Once I was floating with my brother-in-law, Delton, down the White river to the Mississippi, then on down to Arkansas city. We reached the mouth of the White about sundown, and camped on a sand bar. The mosquitoes were beyond the edge of comprehension.(This is a sidelight, not getting to the root of the question here, but it is worth saying, so bear with me.) In pioneer times, nobody could live long here, with Malaria running rampant. The grave yard at Napoleon, Arkansas, a town down there that no longer exists but was there in pioneer days, has lots of tombstones. Few died that were older than 26. Anyway, we set up our tent, sprayed the doorway down good with mosquito repellent, dashed in, zipped it up quick, then we spent the next hour picking them off, one at a time. Then we could sleep. Or, we would have, if it had not been for the buck deer, who resented our presence so much that he spent a good part of the night dashing up and down behind our tent, stomping and snorting. Anyway, now we can get to the scientific work. By morning, I was stopped up, tighter than a drum. I took a good, healthy dose of Castor oil, the most horrible tasting stuff God ever created, but one of the most effective. We then shoved off from the mouth of the White, and by the time we reached the mouth of the Arkansas, I was rushing ashore to the bushes.
The thing about floating a major river is, you have lots of time to think. By the time we reached Arkansas City, I had finished my calculations: It is 6 miles, 31,680 feet, from one river mouth to the next. The Big Muddy was moving at approx. 6 MPH. The human digestive tract is 23 feet long. Using that raw data, that means Castor oil runs through the human body at a rate of .0007 MPH, something I had always wondered about.
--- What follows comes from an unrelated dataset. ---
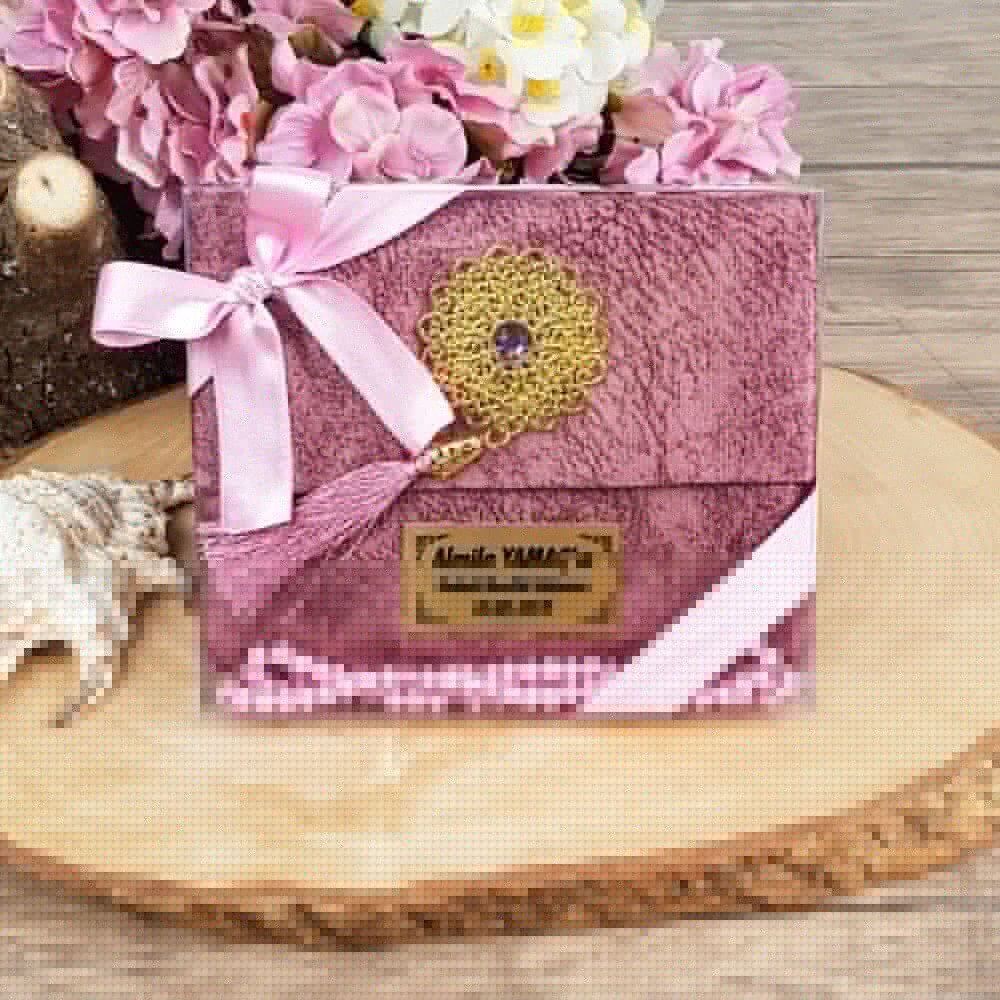 Hediyelik Kadife Çantalı Yasin, Kokulu Tesbih, Asetat Kutulu (17×15) Set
The thing about huge, standing bodies of water, like the gulf, is, it can be used to answer questions that can make one famous. Or would have, if I had just been born several hundred years earlier. Once I was sitting on the balcony of our condo in Gulf Shores, overlooking the Gulf. I noticed the level balcony railing showed the horizon well above it in the middle, but the horizon dropped below it at the far edges of my vision. Bingo! I was looking at the curvature of the earth. It was round, not flat at all! I got to thinking further. My area of vision must be about two degrees of the full three hundred sixty degrees in a circle. From where the horizon dropped on the left to where it disappeared on the right, following the horizon, the distance must be something like one hundred forty miles. Two degrees covers about 1/180th of a full circle. 180 x 140 miles gave me an earth circumference of 25,200 miles, a lucky estimate. Oh, if I could have just been born in 1400! But then, I guess, I would have been hard pressed to find a level condo balcony rail in 1400.
Another sidelight – There is a chunk of Mississippi on the Arkansas side of the river down there, cut off when the river changed course. Not necessarily something for an Arkansan to be proud of, or even admit.